If multiple threads access the same word in shared memory, one thread fetches the word, and sends it to the other threads via multicast/broadcast. 如果一个warp内的threads都concurrently访问同一个shared memory location，则只有一个thread访问这个location/只产生一次memory transaction，然后这个memory被broadcast到每一个threads。同样的broadcast在使用constant cache，warp level shuffle的时候都有。

If a shared memory load or store operation issued by a warp does not access more than one memory location per bank, the operation can be serviced by one memory transaction. 一个warp对shared memory的load/store在每个bank上只有一个location（并且在每个bank上请求的数据是小于bank bandwidth的），则只产生一个合并的memory transaction。
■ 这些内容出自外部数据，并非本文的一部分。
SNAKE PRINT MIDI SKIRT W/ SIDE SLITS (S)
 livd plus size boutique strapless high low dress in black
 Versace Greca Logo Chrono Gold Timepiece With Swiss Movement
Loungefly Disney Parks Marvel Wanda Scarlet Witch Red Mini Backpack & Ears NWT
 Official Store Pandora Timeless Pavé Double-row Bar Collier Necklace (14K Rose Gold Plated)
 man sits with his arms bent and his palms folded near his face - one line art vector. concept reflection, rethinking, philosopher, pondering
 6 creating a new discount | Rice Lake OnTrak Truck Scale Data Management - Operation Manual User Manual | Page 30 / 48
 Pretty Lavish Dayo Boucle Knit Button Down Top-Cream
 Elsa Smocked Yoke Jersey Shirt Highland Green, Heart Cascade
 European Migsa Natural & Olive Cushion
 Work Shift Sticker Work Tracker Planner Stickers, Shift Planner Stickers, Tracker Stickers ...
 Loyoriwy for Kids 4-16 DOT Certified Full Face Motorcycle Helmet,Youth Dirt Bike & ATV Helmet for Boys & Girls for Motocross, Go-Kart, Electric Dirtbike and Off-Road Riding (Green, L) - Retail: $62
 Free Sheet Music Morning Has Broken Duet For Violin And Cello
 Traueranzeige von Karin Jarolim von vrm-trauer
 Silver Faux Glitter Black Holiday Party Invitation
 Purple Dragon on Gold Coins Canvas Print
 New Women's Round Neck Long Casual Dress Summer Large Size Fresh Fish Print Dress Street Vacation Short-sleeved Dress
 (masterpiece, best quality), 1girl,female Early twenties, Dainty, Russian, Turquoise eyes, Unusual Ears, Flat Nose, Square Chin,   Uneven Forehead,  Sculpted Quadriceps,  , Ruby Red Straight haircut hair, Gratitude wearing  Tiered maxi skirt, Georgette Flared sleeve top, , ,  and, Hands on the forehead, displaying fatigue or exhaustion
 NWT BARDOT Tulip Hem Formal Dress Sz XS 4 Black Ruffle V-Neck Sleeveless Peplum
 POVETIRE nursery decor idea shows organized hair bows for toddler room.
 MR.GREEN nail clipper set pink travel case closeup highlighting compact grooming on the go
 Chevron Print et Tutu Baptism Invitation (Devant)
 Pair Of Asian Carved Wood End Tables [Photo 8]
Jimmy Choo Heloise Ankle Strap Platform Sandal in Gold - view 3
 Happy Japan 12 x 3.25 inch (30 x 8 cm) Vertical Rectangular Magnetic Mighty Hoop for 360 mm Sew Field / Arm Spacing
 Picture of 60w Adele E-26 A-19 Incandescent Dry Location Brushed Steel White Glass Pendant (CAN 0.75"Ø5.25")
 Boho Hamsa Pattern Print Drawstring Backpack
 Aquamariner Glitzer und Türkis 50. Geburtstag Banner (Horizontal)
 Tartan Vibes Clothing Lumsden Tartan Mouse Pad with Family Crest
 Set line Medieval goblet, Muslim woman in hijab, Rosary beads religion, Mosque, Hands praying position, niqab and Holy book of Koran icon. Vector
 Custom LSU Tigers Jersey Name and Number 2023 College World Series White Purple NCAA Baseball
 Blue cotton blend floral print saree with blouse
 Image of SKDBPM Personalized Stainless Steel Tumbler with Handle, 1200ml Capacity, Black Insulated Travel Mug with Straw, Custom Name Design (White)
最好的使用shared memory的办法就是确保请求的数据分布在每个bank中，每个bank充分的利用bank自己的bandwidth

Memory bank & bank conflict

特点

shared memory is divided into equally sized memory modules (banks) that can be accessed simultaneously. Therefore, any memory load or store of n addresses that spans n distinct memory banks can be serviced simultaneously, yielding an effective bandwidth that is n times as high as the bandwidth of a single bank。shared memory底层被切分为多个memory bank来使用。同时访问多个bank可以被同时serve，具有一个bank的n倍的bandwidth。
When multiple addresses in a shared memory request fall into the same memory bank, a bank conflict occurs, causing the request to be replayed. The hardware splits a request with a bank conflict into as many separate conflict-free transactions as necessary, decreasing the effective bandwidth by a factor equal to the number of separate memory transactions required. 对于shared memory的多个访问如果都落到一个bank中（并且不是same word，无法触发broadcast），则这些request会被replay。Hardware会split conflict request into serialized conflict free request。 (Figure 21 middle image)。花费的时间会是num replay * one bank free time
all threads in a warp read the same address within a single bank. One memory transaction is executed, and the accessed word is broadcast to all requesting threads. 如果多个memory request对应到any sub-word of one aligned 32 bit word (尽管在一个bank内)，访问不会serialize。如果是read则会broadcast，如果是write则只要一个thread写，但是哪个thread写是undefined的 (Figure 22 right two image). 这种情况下，bandwidth的使用依旧很低，因为num banks * bank bandwidth这么多的数据只用于传送一个word的数据。

Three typical situations occur when a request to shared memory is issued by a warp: 三种warp访问shared memory的类型

parallle access：no bank conflict
serial access : bank conflict cause serialized access to shared memory bank
broadcast access: single address read in single bank and broadcast to all threads in warp

Access Mode 32/64-bit

shared memory bank width: defines which shared memory addresses are in which shared memory banks.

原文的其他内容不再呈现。